Supreme Court of United States.

Argued December 5, 1905.
Decided April 2, 1906.
ERROR TO THE SUPREME COURT OF THE STATE OF COLORADO.

*187 Mr. William C. Prentiss, with whom Mr. Charles F. Potter and Mr. Horace F. Clark were on the brief, for Brown, plaintiff in error in Nos. 97 and 99, and defendant in error in No. 98.

Mr. Charles C. Butler, with whom Mr. J.C. Helm was on the brief, for Gurney, defendant in error in No. 97, submitted.

*189 MR. CHIEF JUSTICE FULLER, after making the foregoing statement, delivered the opinion of the court.

The question in these cases, which was intended to be, and was, passed upon, is when, in respect of the three locations, did the premises in controversy become subject to location?

In the state Supreme Court, counsel for Brown contended that the judgments below must be affirmed because the agreed facts failed to identify the premises in dispute as part of the Kohnyo claim; did not establish the validity of that location; and did not affirmatively show that the premises, when located *190 as the Scorpion, were not part of the unappropriated public domain.

But the Supreme Court applied the rule that where the existence of certain facts is assumed in the trial court and the trial proceeds, without objection, on that assumption, and the case is decided in reliance thereon, neither party will be heard in the court of review to question there for the first time the existence of the facts, and especially not where the alleged omissions might have been supplied if called to the attention of the trial court. And properly applied it, for the identity of the ground in controversy and the validity of the original Kohnyo location were conceded by both parties; and, indeed, counsel really does not deny them as matters of fact but simply objects that the stipulation did not include them. Moreover, we think the stipulation and exhibits attached containing the various proceedings before the Commissioner of the General Land Office and the Secretary of the Interior establish the validity of the Kohnyo location.
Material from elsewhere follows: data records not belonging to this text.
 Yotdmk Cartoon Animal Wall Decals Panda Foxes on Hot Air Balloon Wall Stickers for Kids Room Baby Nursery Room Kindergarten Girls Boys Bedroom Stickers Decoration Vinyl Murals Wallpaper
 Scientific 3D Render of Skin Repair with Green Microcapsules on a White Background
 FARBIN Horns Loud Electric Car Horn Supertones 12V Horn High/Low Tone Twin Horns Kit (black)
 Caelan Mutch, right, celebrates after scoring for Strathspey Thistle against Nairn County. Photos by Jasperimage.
According to that record, the Kohnyo claim had passed to final entry; this entry had been recognized by the Commissioner of the General Land Office and the Secretary; the question litigated in the Land Department for something like three years, as to the knowledge of the placer applicant at the time of his application for patent of the existence of the Kohnyo vein in the placer ground, had been decided adversely to the Kohnyo claim; the Kohnyo claimant had thereupon accepted this decision, acquiesced therein, and availed himself of the privilege extended by the Commissioner's decision of May 28, 1895, and elected to retain the northerly tract of the Kohnyo claim, which amounted to a relinquishment of the southerly tract, and the entry as to that tract was thereafter formally cancelled.
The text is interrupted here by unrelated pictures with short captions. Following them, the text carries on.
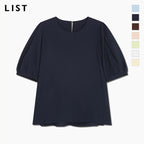 LIST Round neck puff sleeve blouse_TWWBLQ62070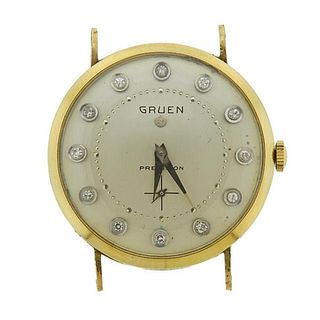 Gruen Precision Vintage 14k Gold Diamond Watch Head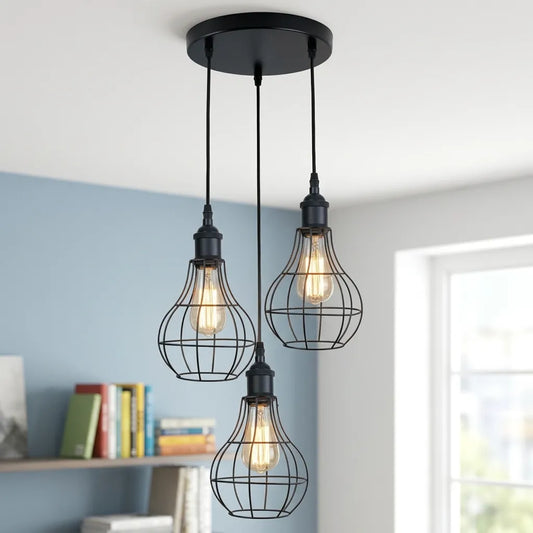 3-Light Wire Cage Cascade Industrial Cluster Pendant ~6927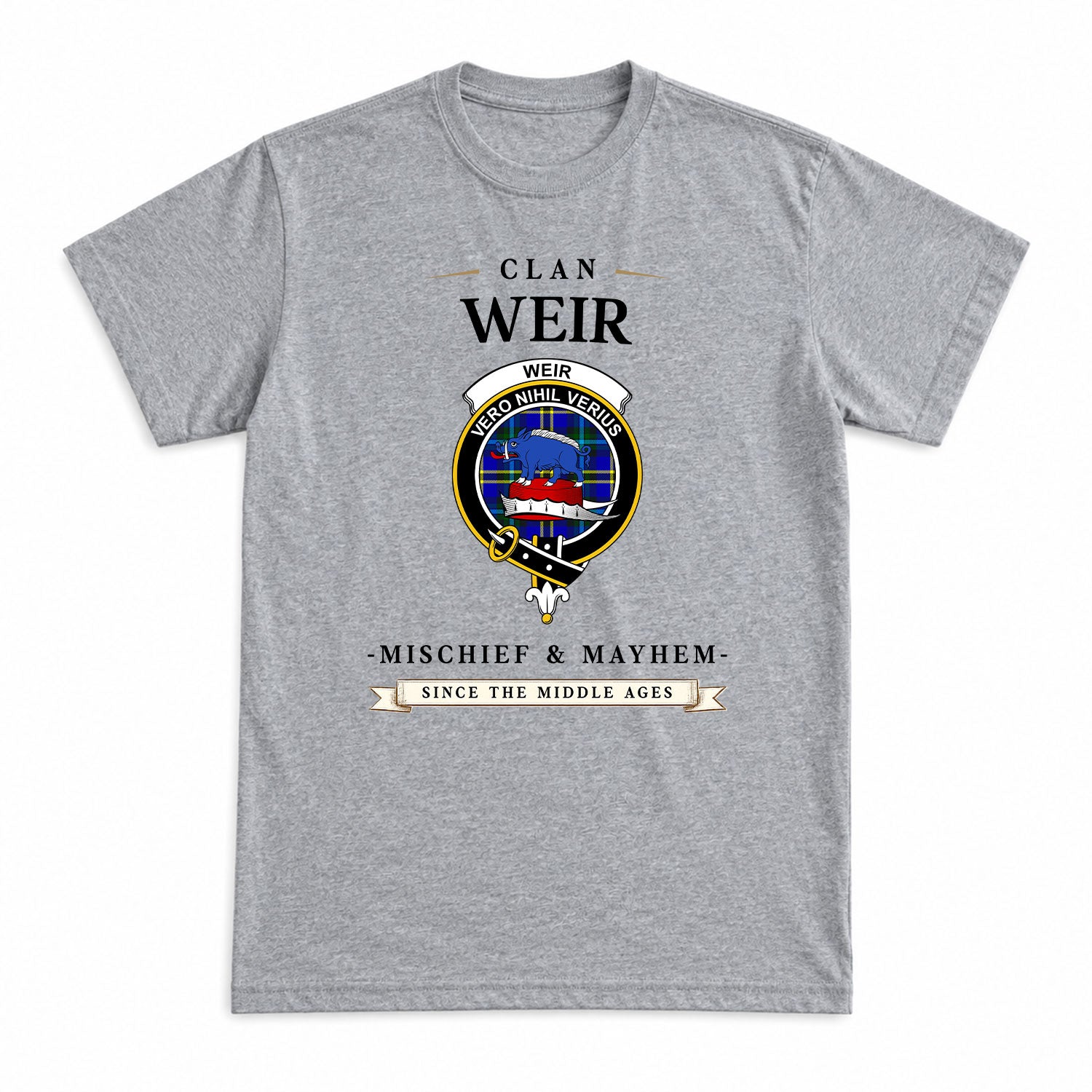 Weir Modern Tartan Crest Mischief and Mayhem T-shirt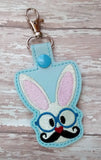 ITH Digital Embroidery Pattern for He Bunny Head Snap Tab / Keychain, 4X4 Hoop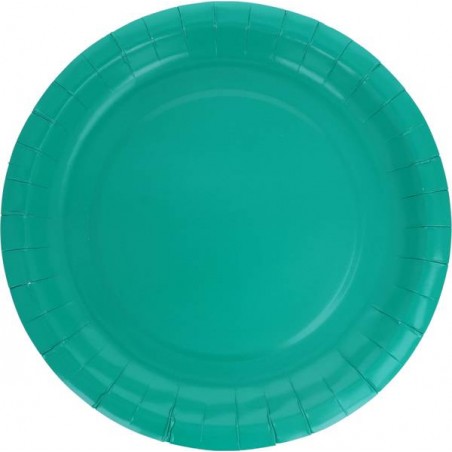 PIATTI DESSERT CARTA BIODEGRADABILI 18cm VERDE 25pz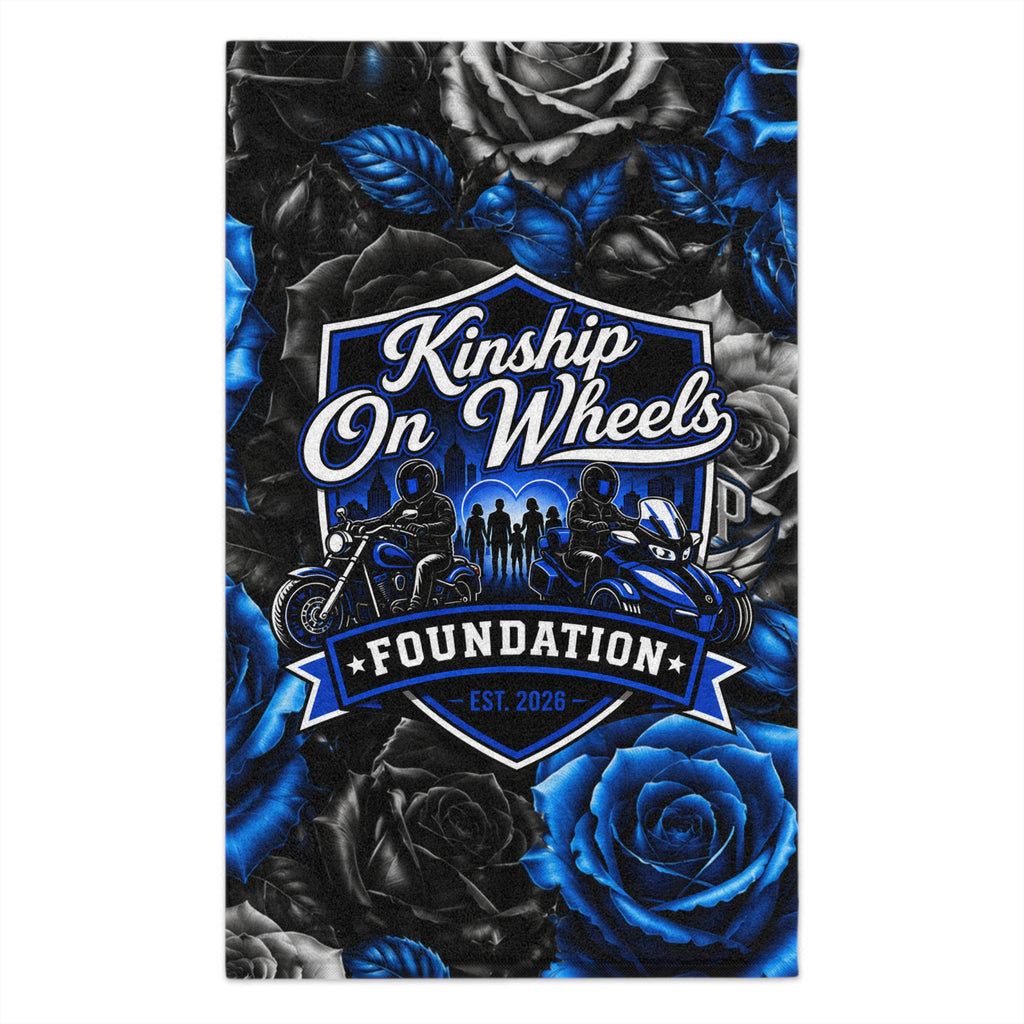 Kinship On Wheels Foundation Rally Towel — 11x18 Blue & Black Rose Motorcycle Support Towel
It may be added also that in adverse proceedings each party is practically a plaintiff and must show his title. Jackson v. Roby, 109 U.S. 440; Perego v. Dodge, 163 U.S. 160, 167. By the act of Congress of March 3, 1881, 21 Stat. 505, c. 140, it was provided that if in an adverse suit "title to the ground *191 in controversy shall not be established by either party, the jury shall so find, and judgment shall be entered according to the verdict." Under that act it is held that before the applicant for a patent can have judgment he must prove his claim of title to the ground. The object of the statute was, as we said in Perego v. Dodge, supra, to provide, in the case of a total failure of proof of title, for an adjudication " that neither party was entitled to the property, so that the applicant could not go forward with his proceedings in the Land Office simply because the adverse claimant had failed to make out his case, if he had also failed." 2 Lindley on Mines, § 763, and cases cited.

Of course it is essential that at the date of a location the ground located on should be part of the public domain, and in the present case the specific question affirmatively raised was whether the ground in controversy was a part of the public domain at the time of the respective contested locations.

It seems to us that when the Scorpion locator attempted to make that location he conceded the validity of the Kohnyo location and the segregation by that location from the public domain of the southerly portion of that claim, but assumed that the decision of the Secretary of May 7, 1898, operated to restore that tract to the public domain as of that date, since he relocated it on May 13, and on the following fifteenth of July filed an amended location. But the filing of the latter certificate did not cure the defect arising from the fact that the discovery shaft of the Scorpion was upon ground covered by the Kohnyo's claim, and the filing of the amended certificate could not perfect the Scorpion location in view of the previous location of the Hobson's Choice, which created intervening rights in favor of a third person.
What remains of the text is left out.